Just a word of caution here, U. This "conclusion" you are driving toward is a legal one, not an IRL forever one. As long as you have 3 young kids together, you are going to have to figure out a way to constructively communicate with your W for the foreseeable future, D or no D. That's why I wrote about being calm, detaching, not letting anxiety or fear dictate how you interact. This isn't over as long as you are coparenting - and it would be wise to begin preparing for what comes next.

Originally Posted by Unchien

I'm pretty sure 2 years from now I will look back and be thankful for this life-changing experience.
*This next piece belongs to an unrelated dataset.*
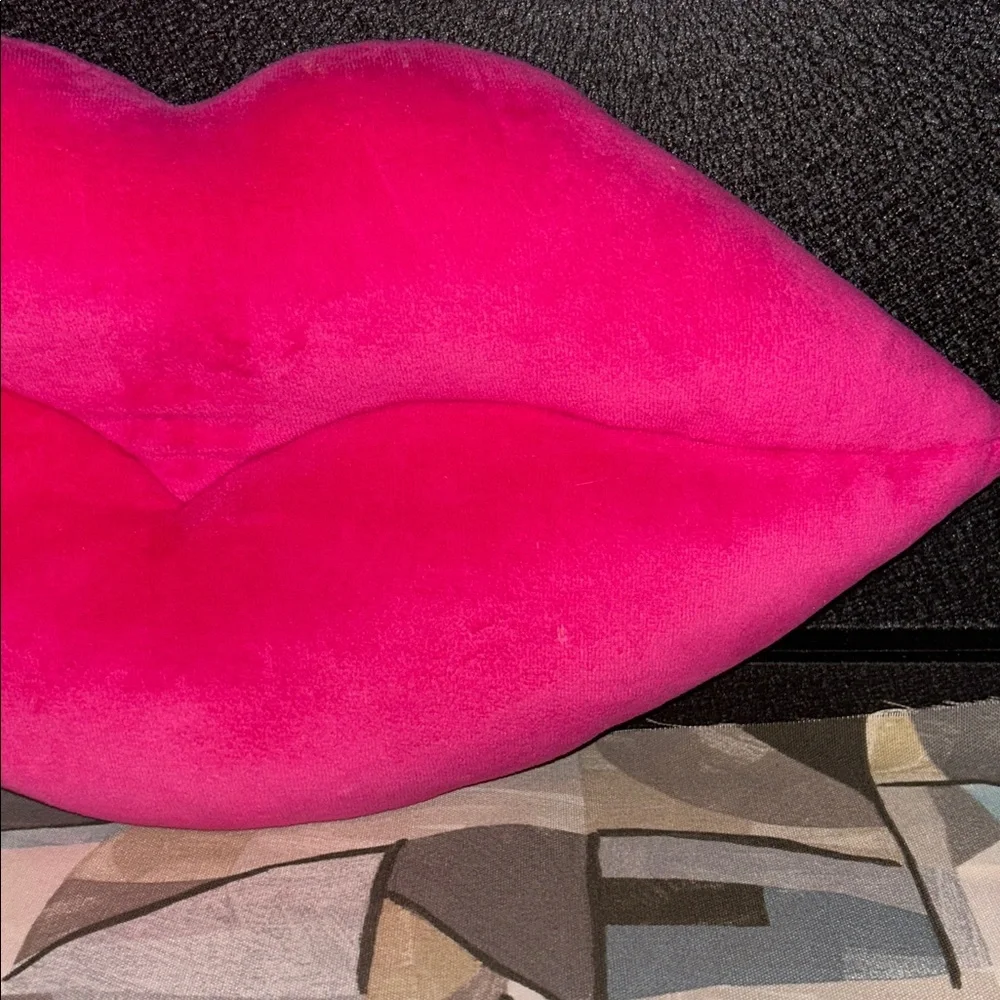 Pink Lip-Shaped Accent Pillow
I always find it interesting the way people view life. I see things completely different than this - but that's ok, everyone has a different perspective. IMO I dont think much about the future anymore, aside from practical things or overall personal life goals I want to achieve (got a great list going, I recommend this highly to anyone). Maybe it's also because every anxious and panicked thought I had about the future a year and a half ago did not come true whatsoever, and I am finding out what a waste of my time and energy that was lol.
Originally Posted by unchien

Although I am an anxious wreck much of the time I am also much happier in ways than I have ever been at any point in my life.
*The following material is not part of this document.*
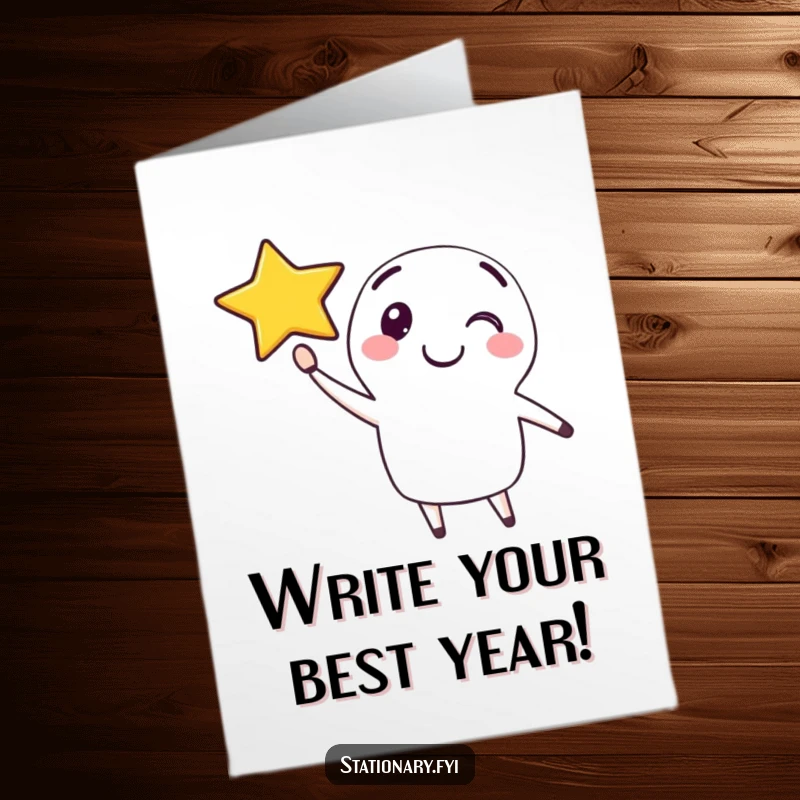 Funny Free Printable Pen Birthday Card: Happy character drawing a smiling star, spreading birthday cheer.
I am glad you are finding yourself happier - that is good news. I would recommend exploring ways to reduce your anxiety with IC, though. I'm working at this and will probably continue to work at this for the rest of my life.

Also, one more thing. IMO fade is right. Stop giving so much power to those letters and the car incident. They happened, you cant change that. You didnt hurt anyone, your kids are fine. Letting those things have power over you serves no purpose other than to keep your anxiety rooted in place.